AnnaSalamon comments on CFAR update, and New CFAR workshops

AnnaSalamon 5 Oct 2025 1:33 UTC
28 points
5
If this is meant to be a characterization of my past actions (or those of any other CFAR team member, for that matter), I disagree with it. I did and do feel a duty of care. When I had particular agendas about eg AI safety recruiting that were relevant to my interactions with a participant in particular, I generally shared it with them. The thing I tried to describe as a mistake, and to change, was about an orientation to “narrative syncing” and general community set up; it was not about the deontology owed to CFAR participants as individuals.
- Eli Tyre 9 Oct 2025 5:47 UTC
  19 points
  4
  Parent
  FWIW, this broadly matches my own experience of working with Anna and participating in CFAR workshops.
  
  There were tensions in how to relate to participants at AIRCS workshops, in particular.
  
  These were explicitly recruitment programs for MIRI. This was extremely explicit—it was stated on the website, and I believe (though Buck could confirm) that all or most of the participants did a technical interview before they were invited to a workshop.
  
  The workshops were part of an extended interview process. It was a combination of 1) the staff assessing the participants, 2) the participants assessing the staff, and 3) (to some extent) enculturating the participants into MIRI/rationalist culture.
  
  However, the environment was dramatically less formal and more vulnerable than most job interviews: about a fourth of the content of the workshops was Circling, for instance.
  This meant that workshop staff were both assessing the participants and assessing their fit-to-the-culture, while also aiming to be helpful to them and their personal development by their own lights, including helping them untangle philosophical confusions or internal conflicts.
  
  These goals were not incompatible, but there were sometimes in tension. It could feel callous to spend a few days having deep personal conversations with someone, talking with them and trying to support them, but then later, in a staff meeting, relatively quickly coming to a judgement that they didn’t make the cut.
  
  This was a tension that we were aware of and discussed at the time.

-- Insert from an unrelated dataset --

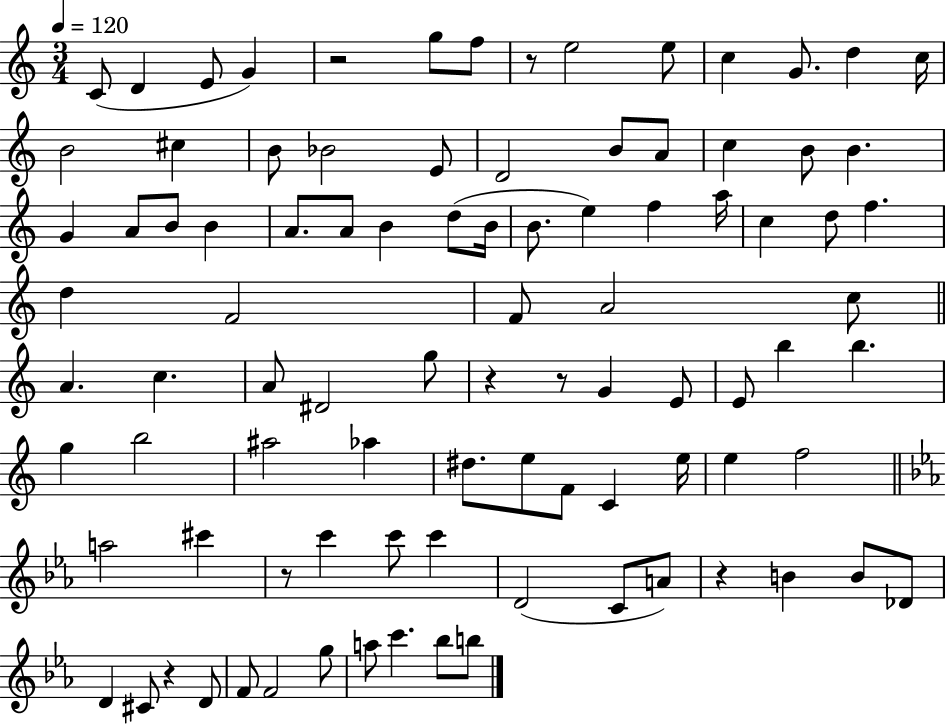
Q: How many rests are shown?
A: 7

I think we overall did a good job of navigating it.
  
  This was a very weird environment, by normal profesional standards. But to my knowledge, there was no incident in which we failed to do right by a AIRCS participant, exploited them, or treated them badly.
  
  The majority of people who came had a good experience, regardless of whether they eventually got hired by MIRI. Of those that did not have a good experience, I believe this was predominantly (possibly entirely?) people who felt that the workshop was a waste of time, rather than that they had actively been harmed.
  
  I would welcome any specific information to the contrary. I could totally believe that there was stuff that I was unaware of, or subtle dynamics that I wasn’t tracking at the time, but that I would conclude were fucked up on reflection, if it was pointed out to me. I can only speak from my personal perspective, not make a blanket claim about what happened.
  
  But as it is, I don’t think we failed to discharge our deontological duty towards any participants.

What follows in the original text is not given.